Mais plus encore, il était tombé amoureux d'une jeune fille dont le père proposa de financer ses recherches sur la télégraphie multiple, car s'il y parvenait, il pourrait en tirer un bénéfice financier et ainsi subvenir confortablement aux besoins de sa fille.
Bien que Bell ne fût ni ingénieur ni inventeur et qu'il ne sût pas grand-chose à l'électricité, il possédait d'autres connaissances et avait soif de trouver des réponses.
Mais d'autres personnes tentaient d'atteindre le même objectif, certaines étant bien mieux qualifiées pour cette tâche.
Son rival le plus notable était un inventeur professionnel nommé Elisha Gray, très respecté dans ce milieu, car il avait déjà mis au point à deux reprises des améliorations pour le télégraphe.

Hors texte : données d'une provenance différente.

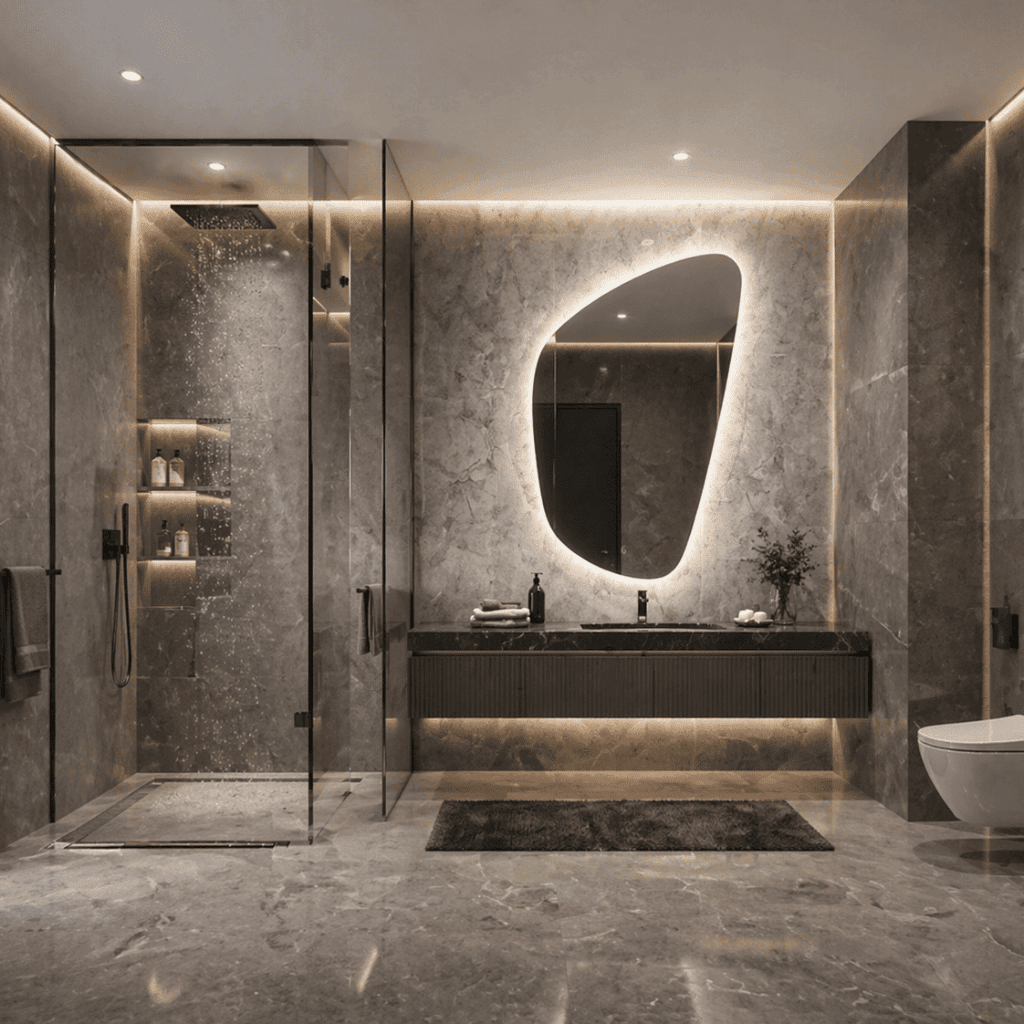 Asymmetrical LED Wall Mirror 1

Tous deux étaient au courant non seulement des progrès de chacun, mais aussi des réalisations des autres, y compris celles d'Antonio Meucci, un immigrant italien qui, en 2002, serait reconnu par le Congrès américain comme le véritable inventeur du téléphone, car ils considéraient que son « télétéléphone », présenté à New York en 1860, lui valait ce titre controversé.

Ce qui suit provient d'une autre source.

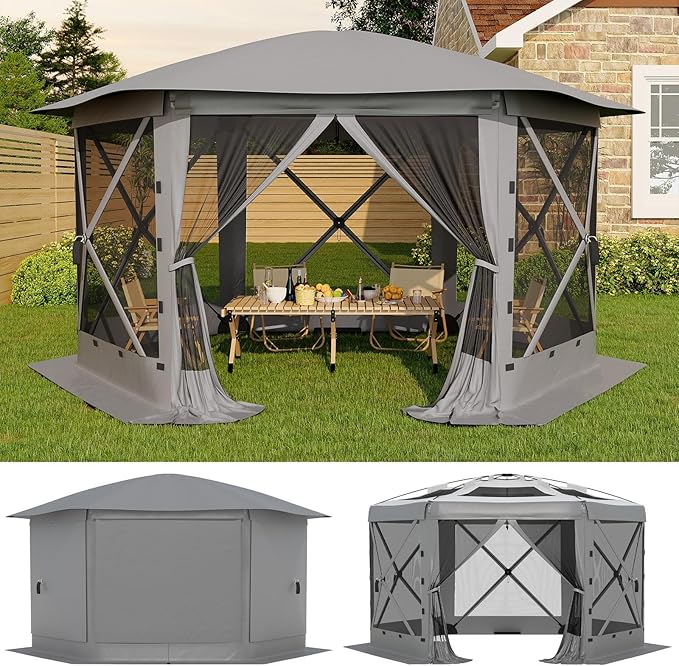 13x13FT 6-Sided Pop Up Gazebo Tent，One-Push Setup Canopy Tent by GarveeLife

Mais à cette époque du XIXe siècle, ce n'est pas Meucci qui était au centre de la controverse.
Parallèlement, alors qu'ils travaillaient sur la télégraphie multiple, Bell et Gray ont découvert la possibilité de transmettre des messages à voix haute.
Bien que tous deux aient été séduits par cette idée, Gray a décidé de se concentrer davantage sur le télégraphe que sur le téléphone, convaincu que c'est ainsi qu'il ferait fortune.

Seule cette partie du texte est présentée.